What needs to be done
The lines wanted are those from the one containing "Ivation Wall-Mounted Ironing" to the last line of the entries below; output them exactly, leaving out pictures.
▼
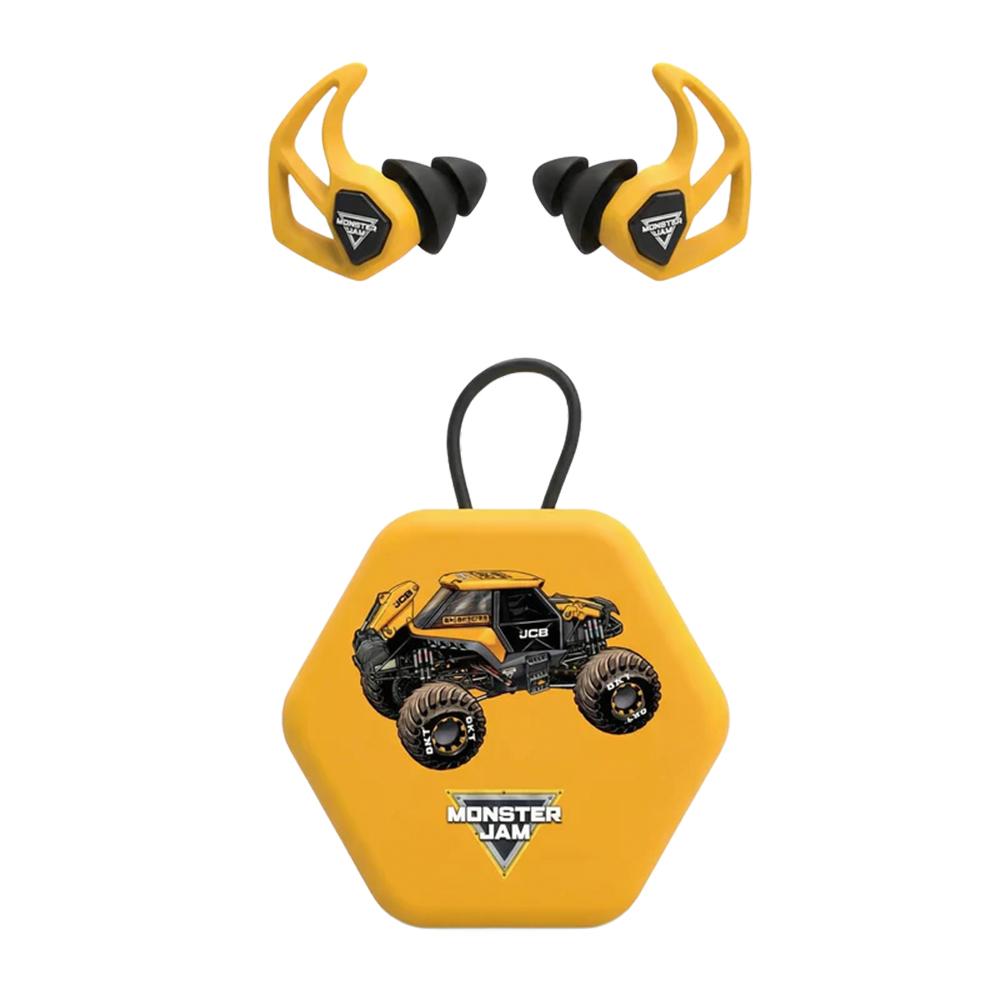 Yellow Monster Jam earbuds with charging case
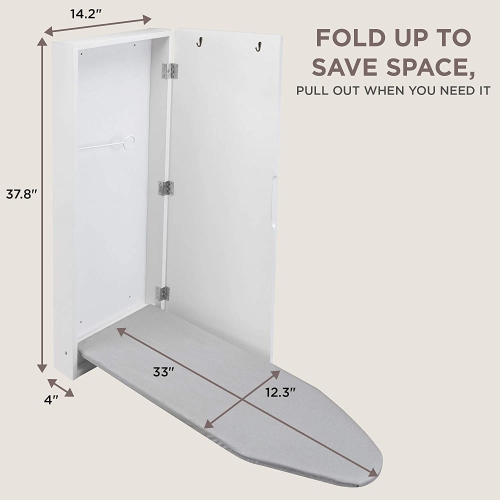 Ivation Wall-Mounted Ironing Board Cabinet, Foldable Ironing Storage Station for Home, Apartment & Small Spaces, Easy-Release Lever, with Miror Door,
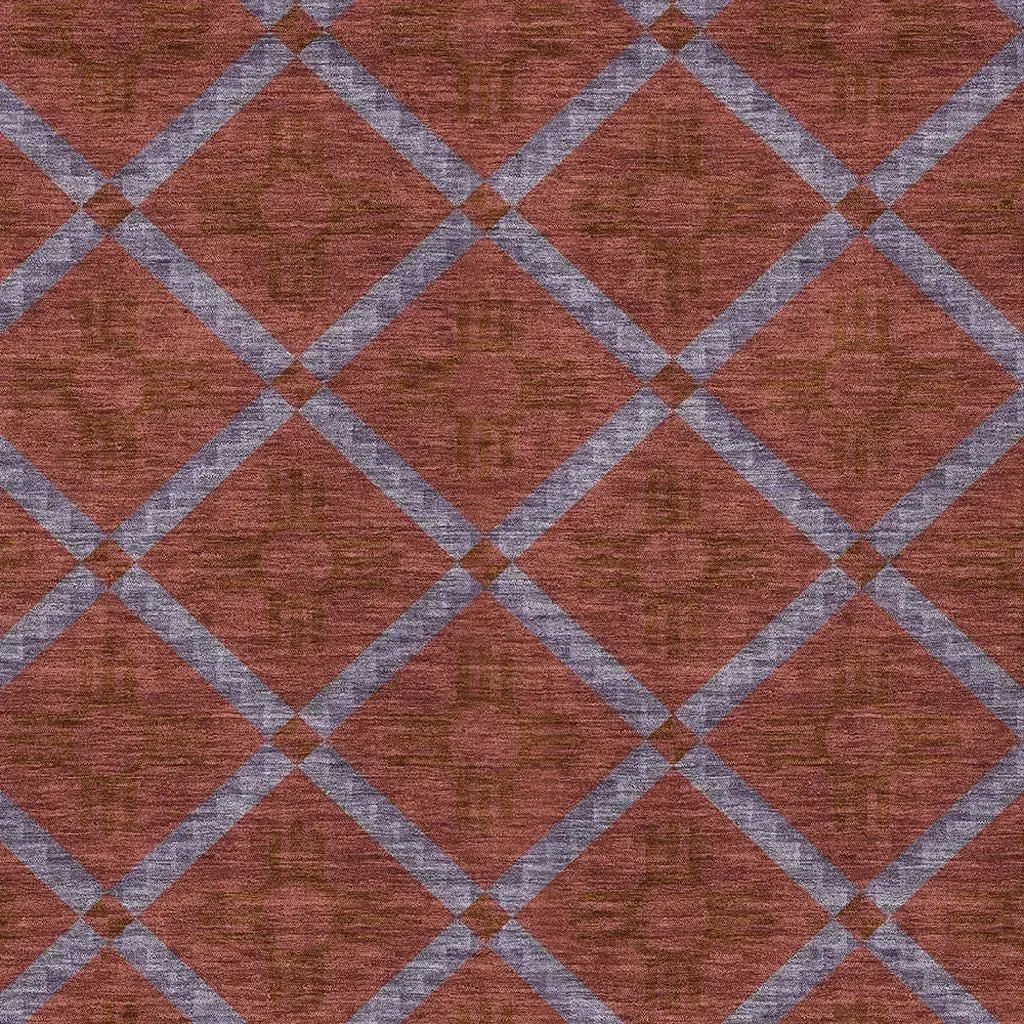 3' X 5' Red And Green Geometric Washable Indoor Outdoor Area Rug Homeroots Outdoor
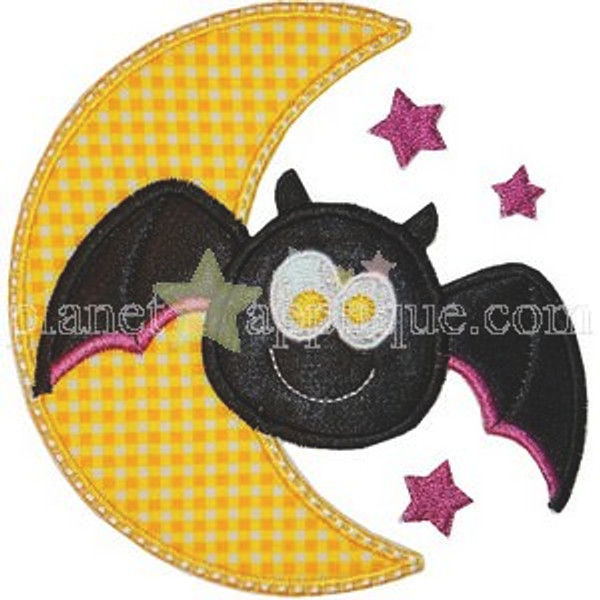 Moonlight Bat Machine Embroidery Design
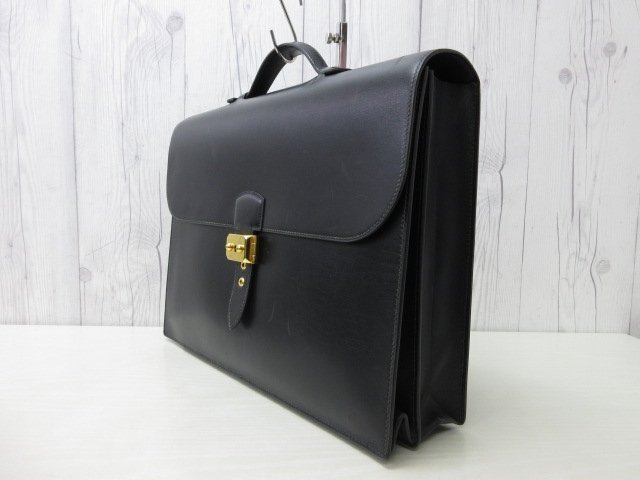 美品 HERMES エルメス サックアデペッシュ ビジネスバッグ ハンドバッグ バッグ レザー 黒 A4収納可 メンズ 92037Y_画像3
▲
Result of this task
 Ivation Wall-Mounted Ironing Board Cabinet, Foldable Ironing Storage Station for Home, Apartment & Small Spaces, Easy-Release Lever, with Miror Door,
 3' X 5' Red And Green Geometric Washable Indoor Outdoor Area Rug Homeroots Outdoor
 Moonlight Bat Machine Embroidery Design
 美品 HERMES エルメス サックアデペッシュ ビジネスバッグ ハンドバッグ バッグ レザー 黒 A4収納可 メンズ 92037Y_画像3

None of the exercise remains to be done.